BRIEF DESCRIPTION OF THE DRAWINGS
[0026] These and other features, aspects, and advantages of the
present invention will become better understood with regard to the
following description, appended claims, and accompanying
drawings.
[0027] FIG. 1A is a schematic diagram showing a conventional RAID
data storage system including hard disks and a DRAM for RAID
operation.
[0028] FIG. 1B is a schematic diagram showing a conventional SSD
(Solid State Drive) storage system including multiple channels of
NAND flash devices and a DRAM as a write cache.
[0029] FIG. 2 is a schematic diagram showing a flash memory storage
system according to an embodiment of the present invention.
[0030] FIG. 3 is a schematic diagram showing a detailed structure
of the RAID controller in FIG. 2.
[0031] FIG. 4 is a schematic diagram showing another embodiment of
the present invention including FIFOs (First-In First-Out
registers).
[0032] FIG. 5 is a schematic diagram showing a detailed structure
of the RAID SSD controller according to an embodiment of the
present invention.
[0033] FIG. 6A shows RAID SSD controller with channel write caches
and DMA sub-engines.
[0034] FIG. 6B shows multiple channel buffers in the cache
memory.
[0035] FIG. 6C shows data write operation into the cache memory
under control by the RAID engine.
[0036] FIG. 6D is a schematic diagram showing the channel write
cache for one channel of the flash memory storage system.

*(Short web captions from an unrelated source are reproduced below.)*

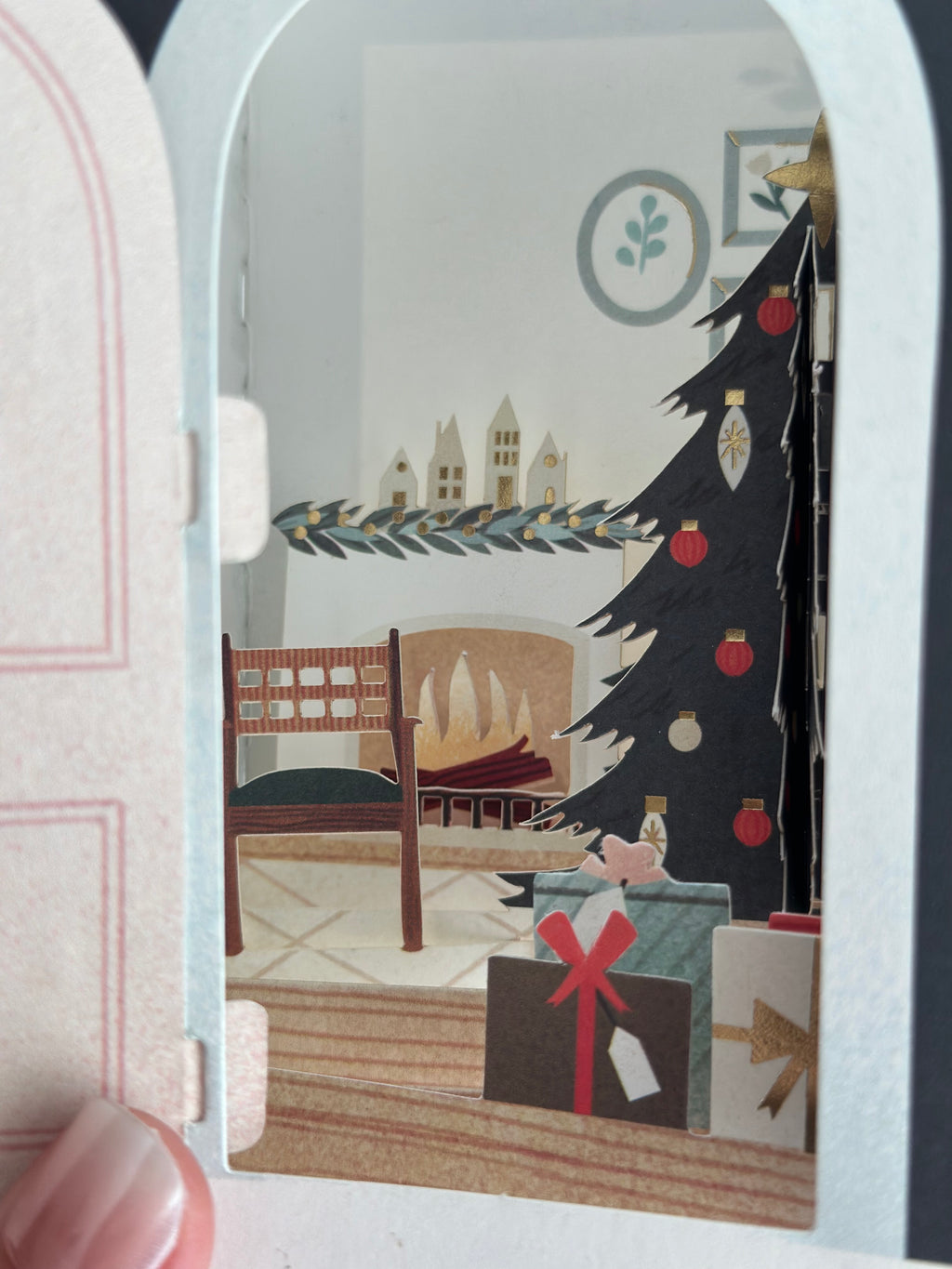 Hand opening wreath door on pop-up Christmas card to reveal cozy room scene.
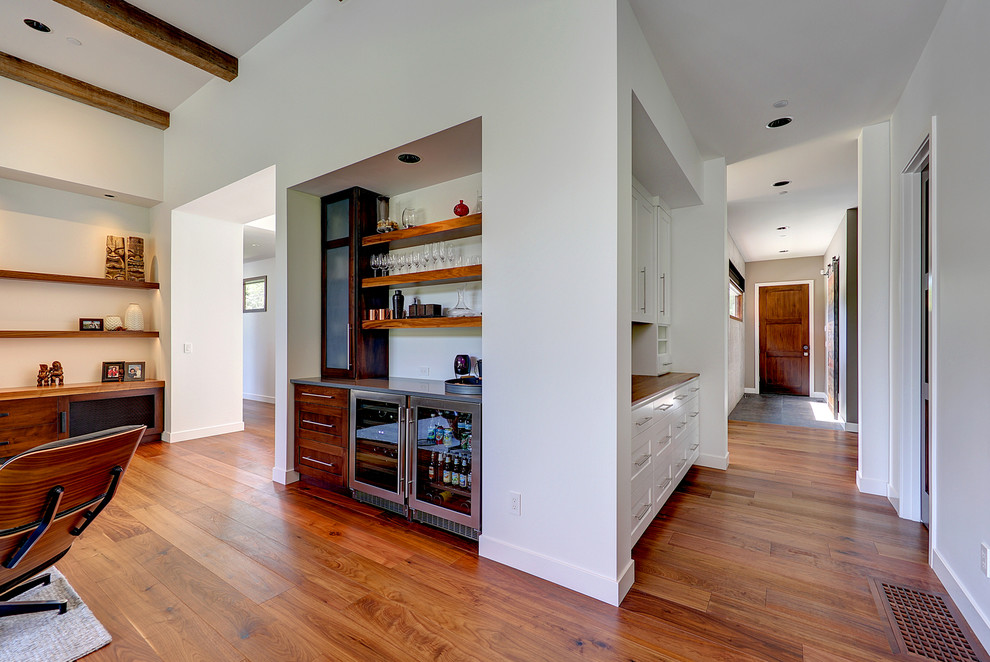Example of a small trendy single-wall medium tone wood floor wet bar design in Portland with no sink, shaker cabinets, medium tone wood cabinets and solid surface countertops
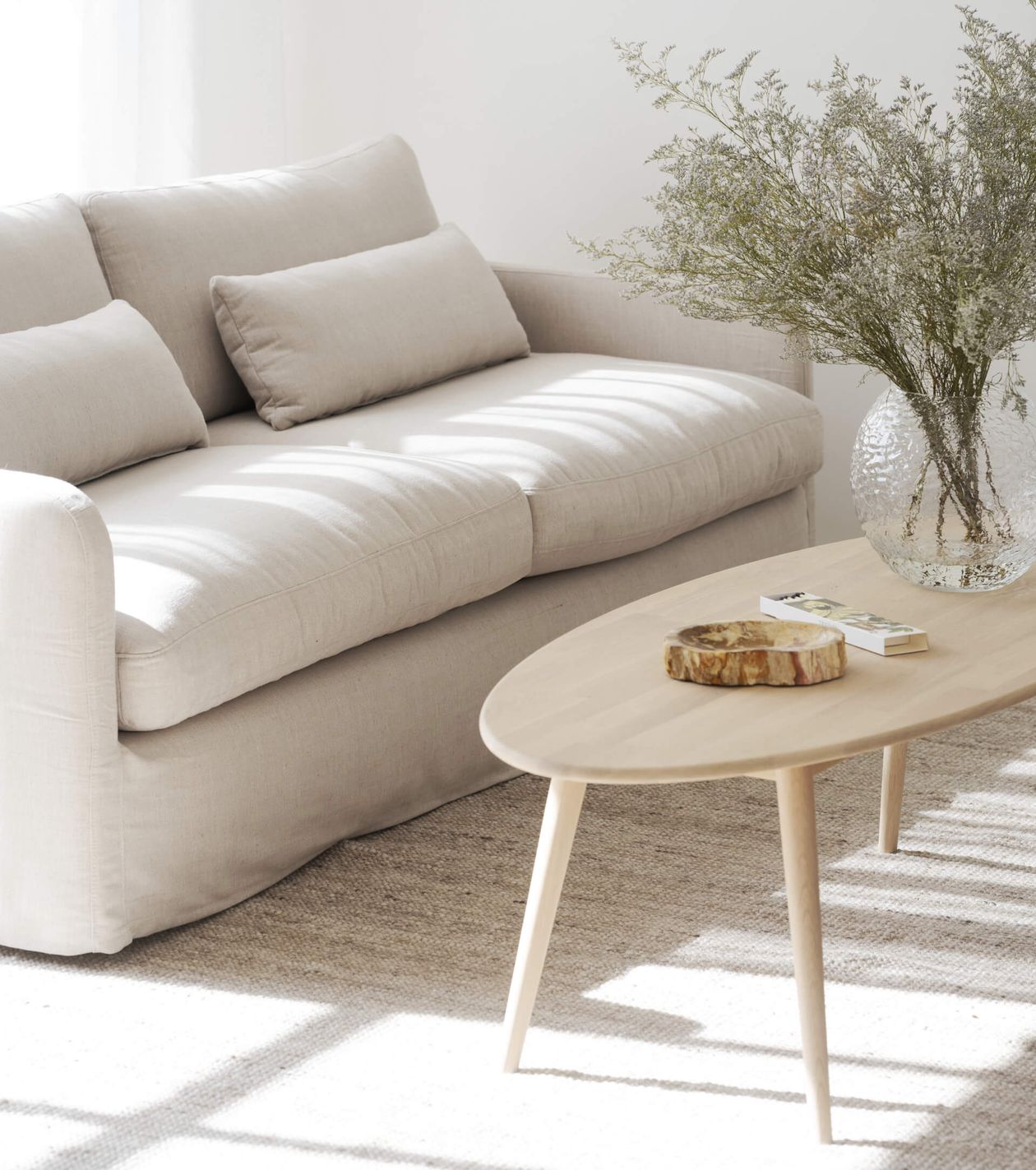 Minimalistisches Wohnzimmer mit einem beigen Sofa, einem Couchtisch aus Holz und einer Glasvase mit Grünpflanzen. Das Sonnenlicht wirft sanfte Schatten auf den Boden.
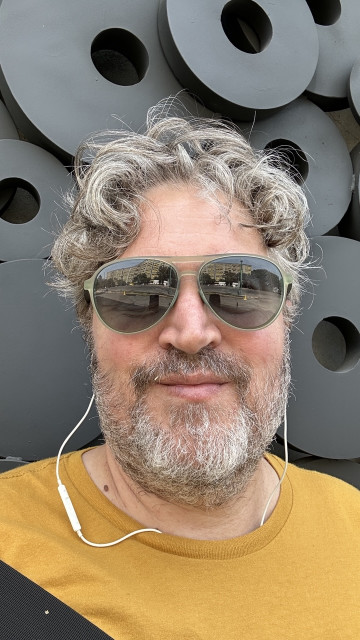 Before haircut. Scruffy beard, frizzy hair. I'm standing in front of a sidewalk art installation of black disks with center holes. I'm wearing wineglasses, white wired headphones, and a golden yellow T shirt.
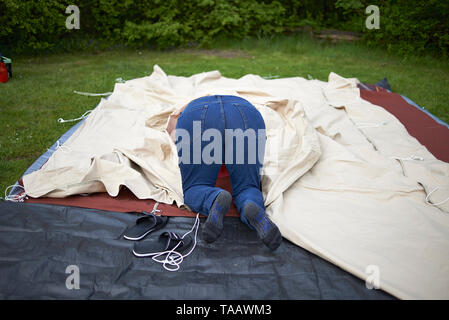 Funny image of a woman with her head inside a tent and her behind sticking out as she attempts to set up the tent outside on a camping ground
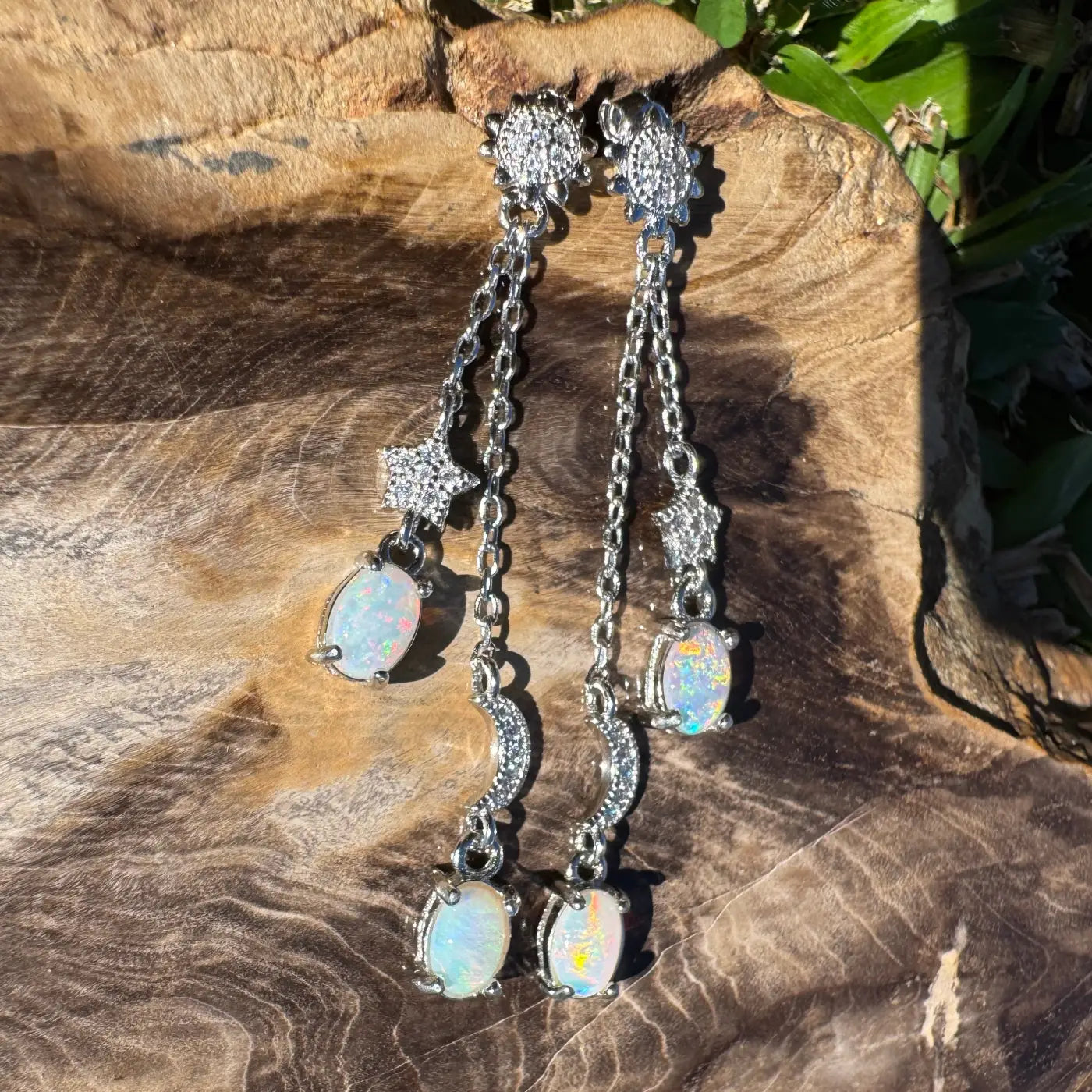 Silver opal dangle earrings featuring Coober Pedy and Lightning Ridge opals with cubic zirconia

[0037] FIG. 7 is a schematic diagram showing an embodiment having a
nested RAID architecture, wherein multiple DRAM caches are
used.
[0038] FIG. 8 is a schematic diagram showing an embodiment having a
nested RAID architecture, wherein one shared DRAM cache is
used.
DESCRIPTION OF THE PREFERRED EMBODIMENTS
[0039] FIG. 2 is a schematic diagram showing a data storage system
20 according to a first embodiment of the present invention. The
data storage system 20 includes a RAID controller 21, which
controls several flash memory modules 221-22N. Each of the flash
memory modules includes a flash memory controller and multiple
flash memories. The flash memory modules can be in the form of SSD,
EFD (Enterprise Flash Drive), or other types of flash memory cards.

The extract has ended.